§ **Data**
+ + + + + + +

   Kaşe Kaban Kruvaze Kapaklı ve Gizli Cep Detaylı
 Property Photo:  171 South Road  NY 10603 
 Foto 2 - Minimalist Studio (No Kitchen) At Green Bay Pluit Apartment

+ + + + + + +

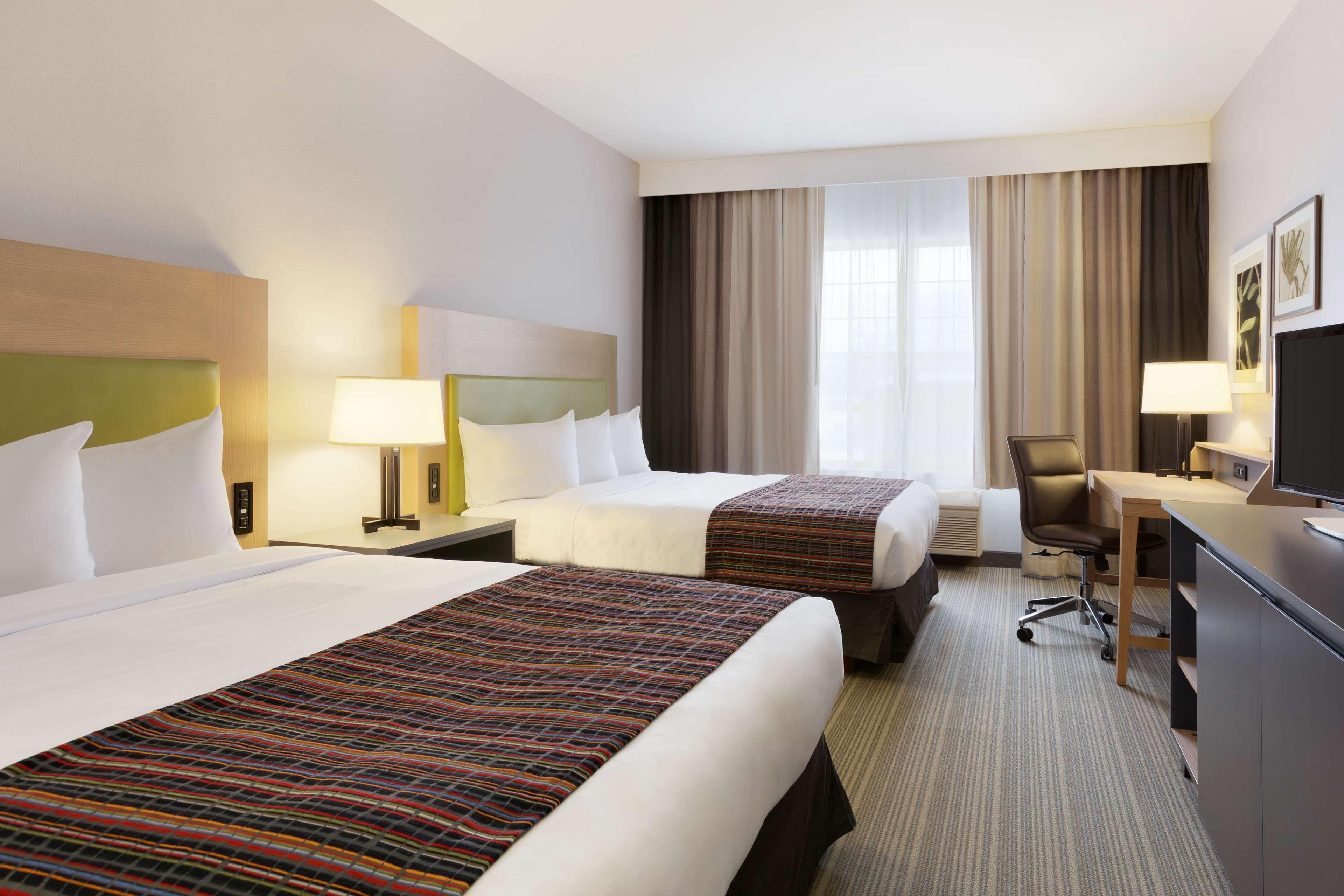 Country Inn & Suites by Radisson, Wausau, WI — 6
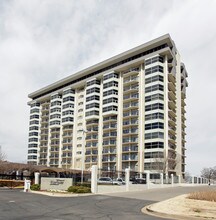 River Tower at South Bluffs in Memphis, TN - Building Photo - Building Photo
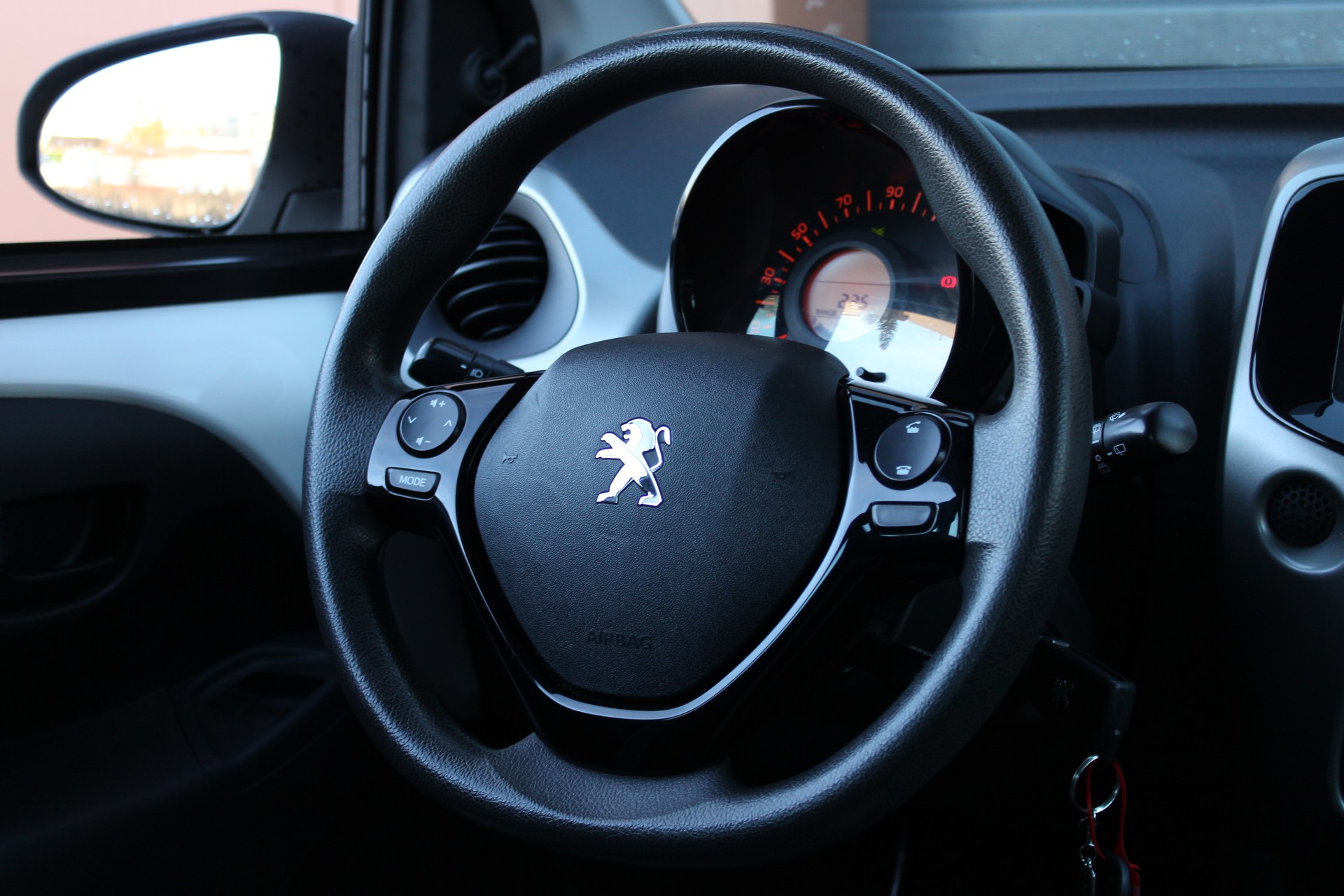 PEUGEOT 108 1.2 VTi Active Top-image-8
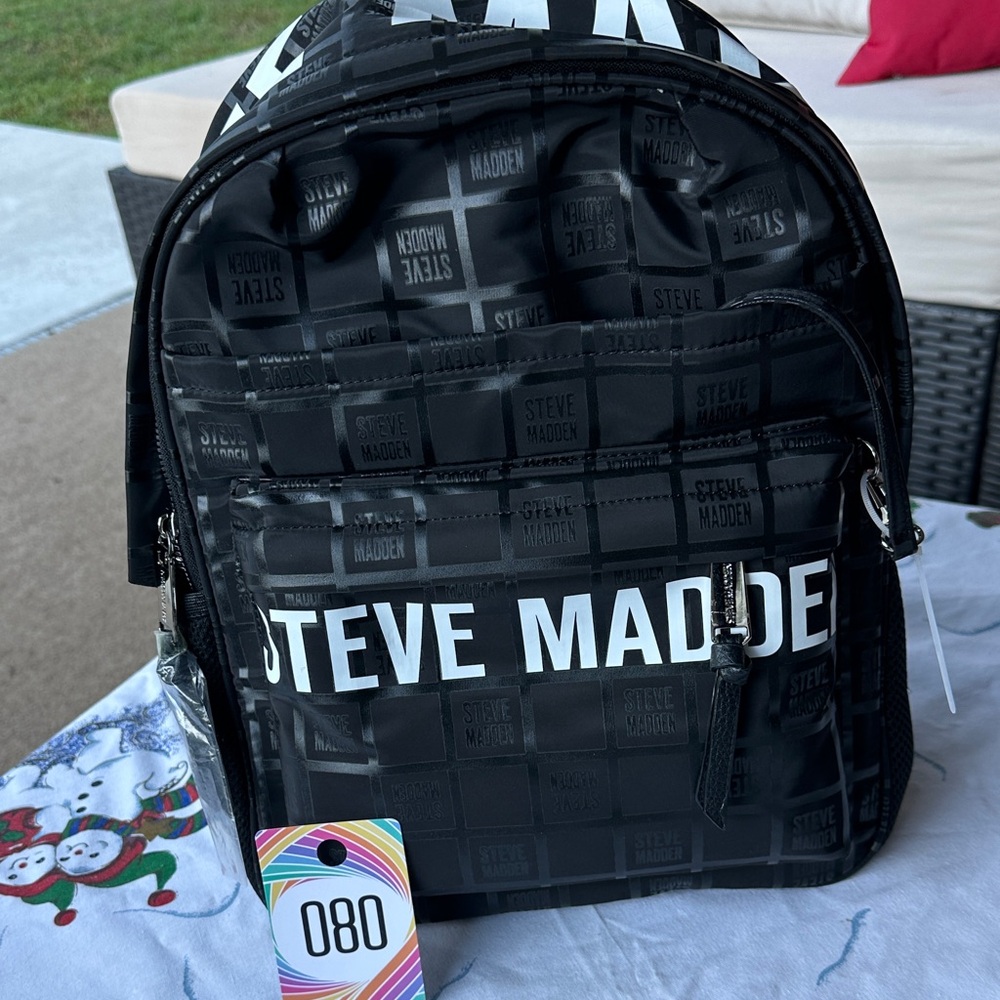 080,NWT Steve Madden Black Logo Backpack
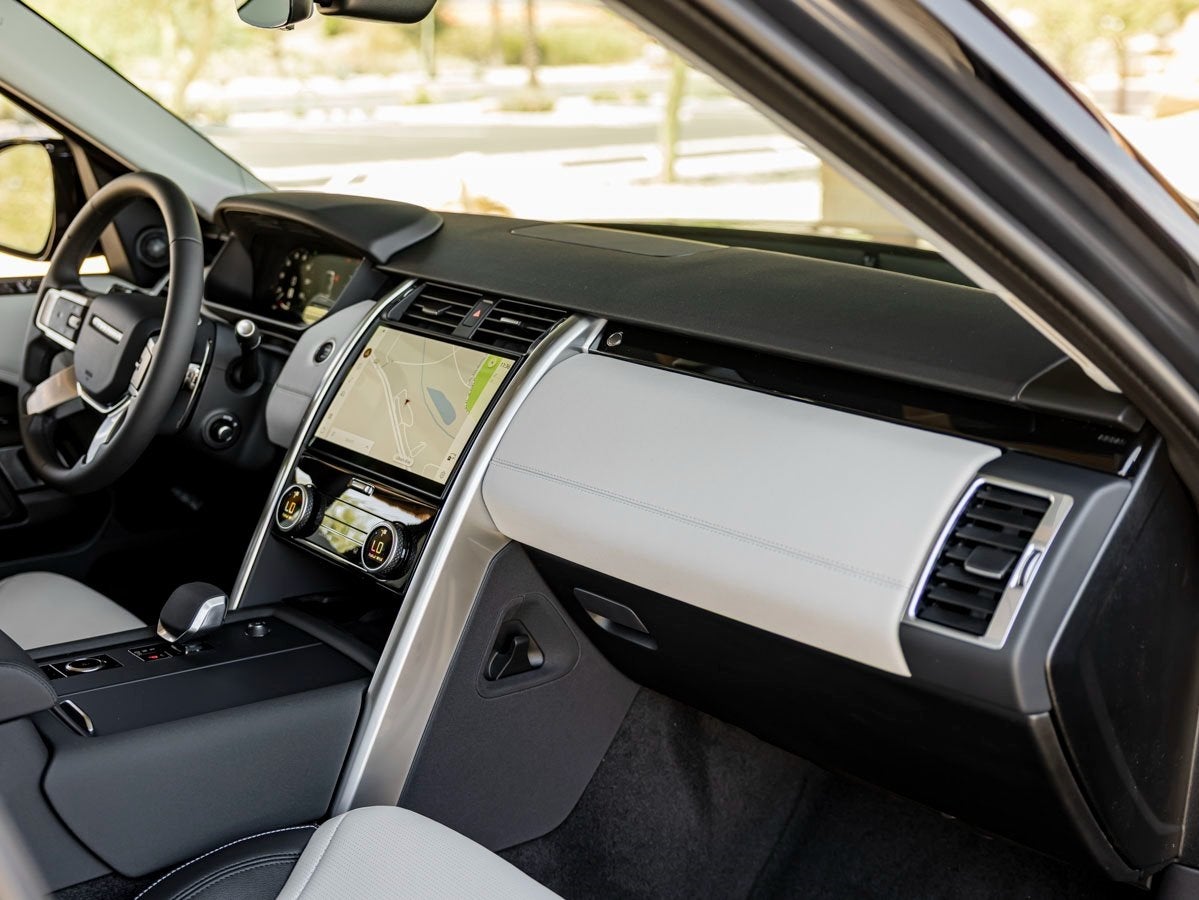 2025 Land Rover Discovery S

+ + + + + + +

§ **Assigned task**
All lines above from the line with "Kaşe Kaban Kruvaze" through the line with "Foto 2 - Minimalist", both included, are to be set down exactly, with nothing else.

§ **Answer section**
   Kaşe Kaban Kruvaze Kapaklı ve Gizli Cep Detaylı
 Property Photo:  171 South Road  NY 10603 
 Foto 2 - Minimalist Studio (No Kitchen) At Green Bay Pluit Apartment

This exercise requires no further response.